■ **Records shown**:

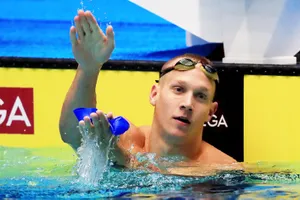 Caeleb Dressel ăn mừng chiến thắng ở đích đến.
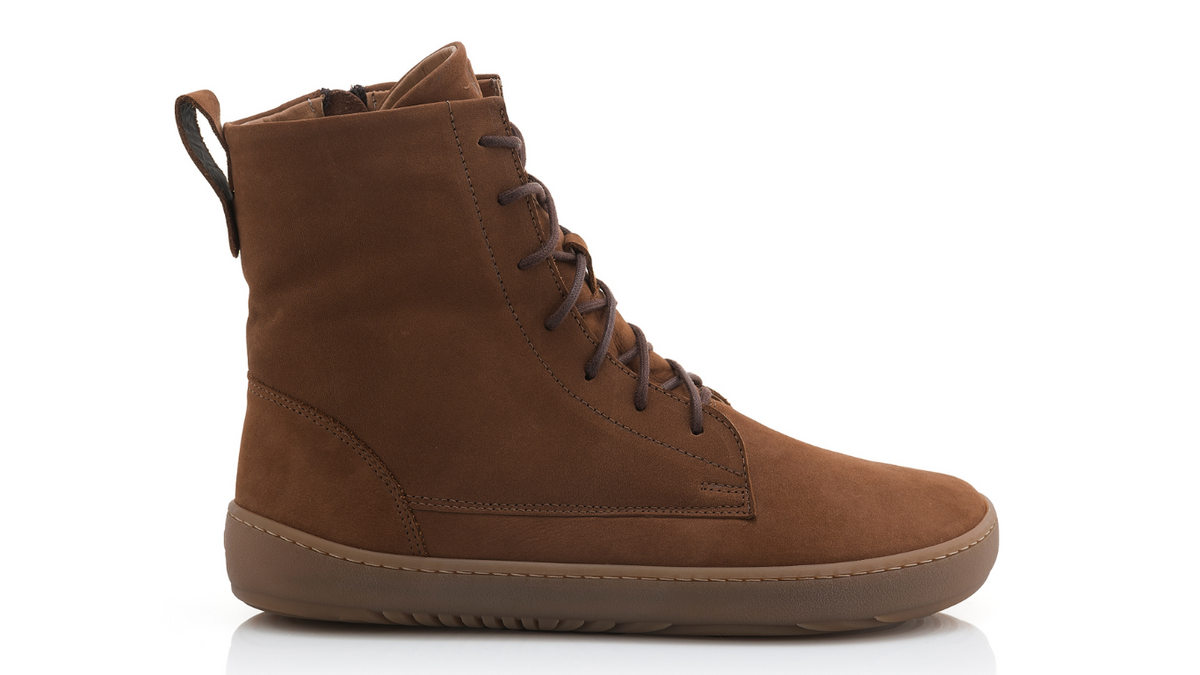 Barfußstiefel mit breiter Zehenbox, flexibler Sohle und Schnürung, geschlossene Zehen und geschlossener Fersenbereich, einzelner Schuh, Seitenansicht außen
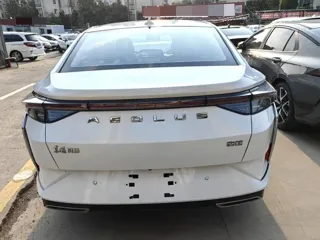 Dongfeng Aeolus Yixuan 2019 купить из Китая, цена 1 015 000 ₽ — Suifenhe Auto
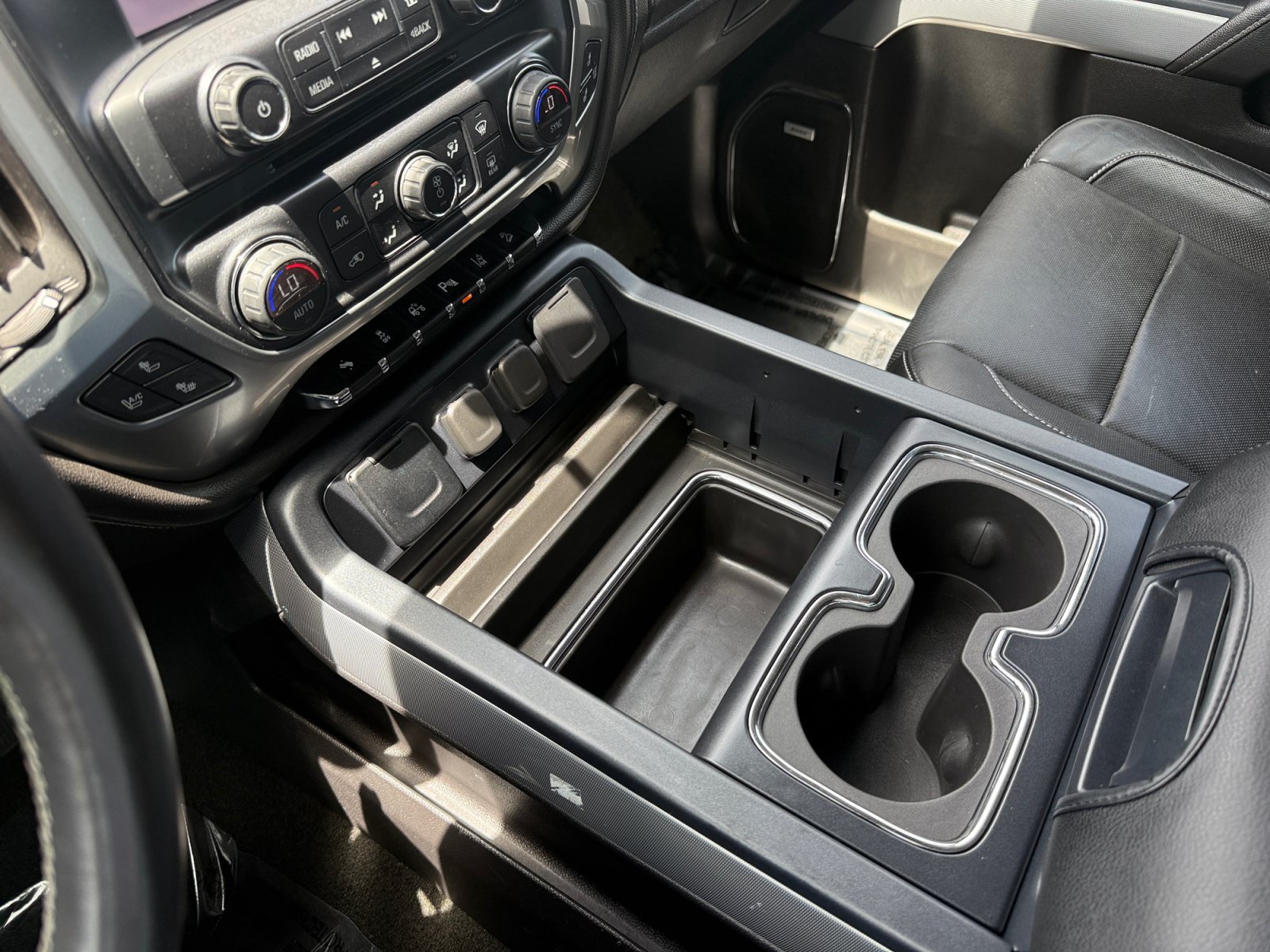 Used 2014 Black Chevrolet LTZ image 13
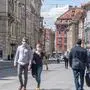 Coronakrise, Schutzmaske,MNS, Touristen, Herrengasse, Graz am 11.05.2020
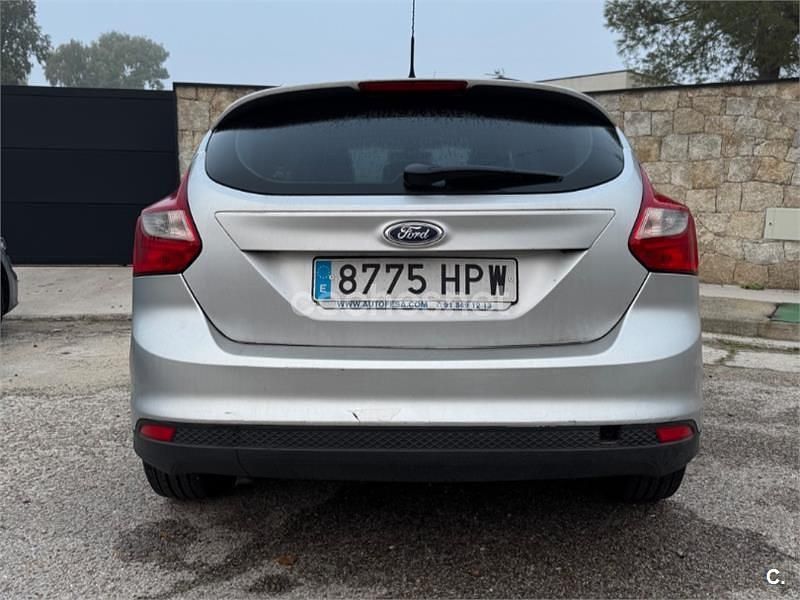 Usado Ford Focus Trend 95 CV (69 kW) 2013 Gris / plata Berlina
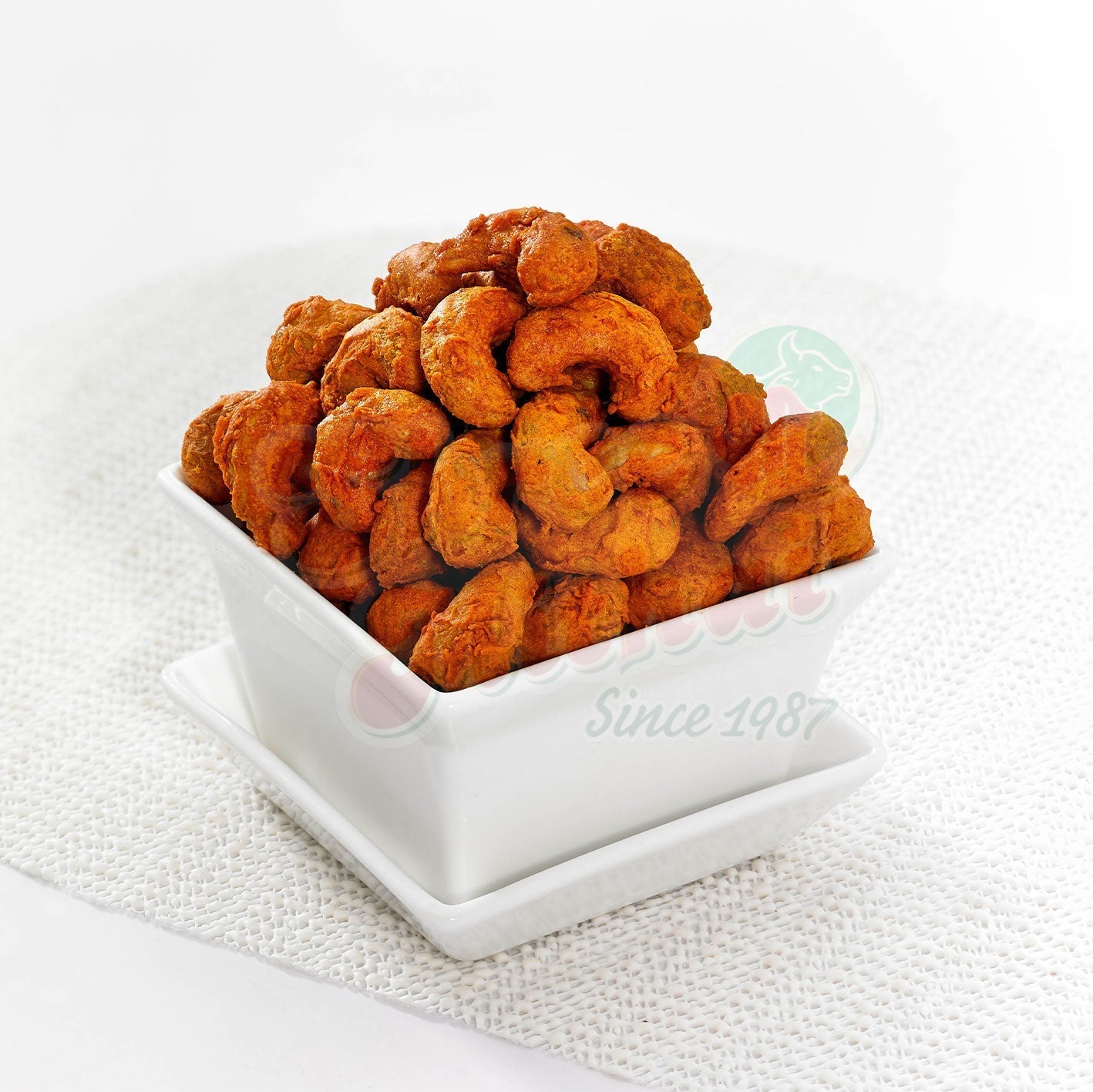 https://cdn.shopify.com/s/files/1/1857/6931/files/masala-cashew-582428.jpg?v=1762169348
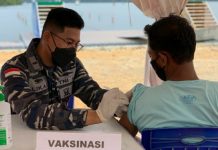 Penonton di Venue Layar PON XX Papua Jadi Sasaran Serbuan Vaksin Maritim TNI Angkatan Laut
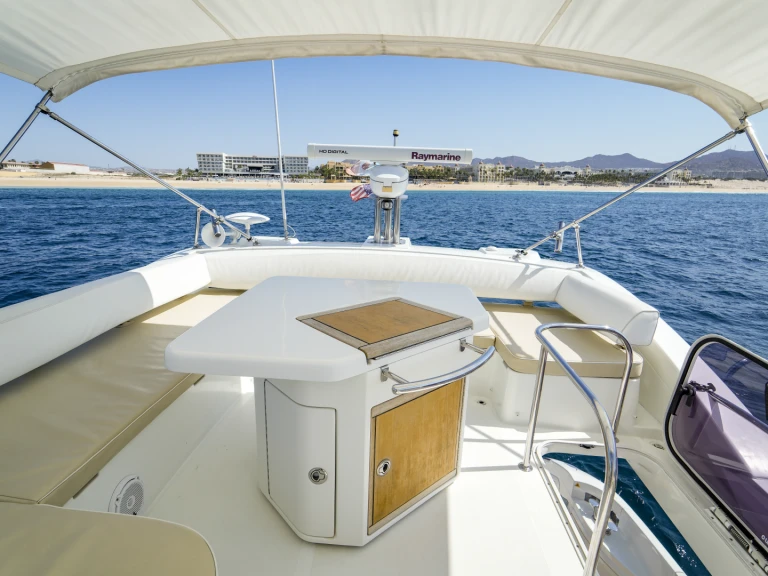 Noleggio Barca a motore Azimut con patente nautica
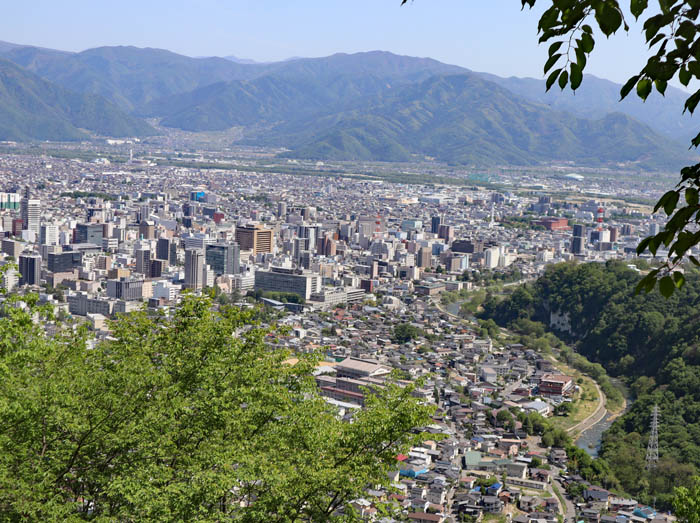 長野市中心街・頼朝山から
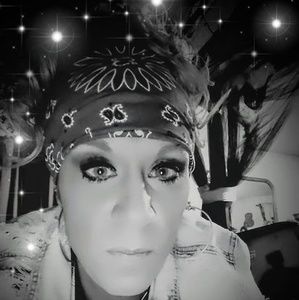 Meet your Posher, Crystal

■ **Task objective**:
The output should be the lines from the one with "Coronakrise, Schutzmaske,MNS, Touristen, Herrengasse, Graz" through the end of the material above, both ends included, printed exactly and nothing else. Drop the pictures.

■ **Solution below**:
 Coronakrise, Schutzmaske,MNS, Touristen, Herrengasse, Graz am 11.05.2020
 Usado Ford Focus Trend 95 CV (69 kW) 2013 Gris / plata Berlina
 https://cdn.shopify.com/s/files/1/1857/6931/files/masala-cashew-582428.jpg?v=1762169348
 Penonton di Venue Layar PON XX Papua Jadi Sasaran Serbuan Vaksin Maritim TNI Angkatan Laut
 Noleggio Barca a motore Azimut con patente nautica
 長野市中心街・頼朝山から
 Meet your Posher, Crystal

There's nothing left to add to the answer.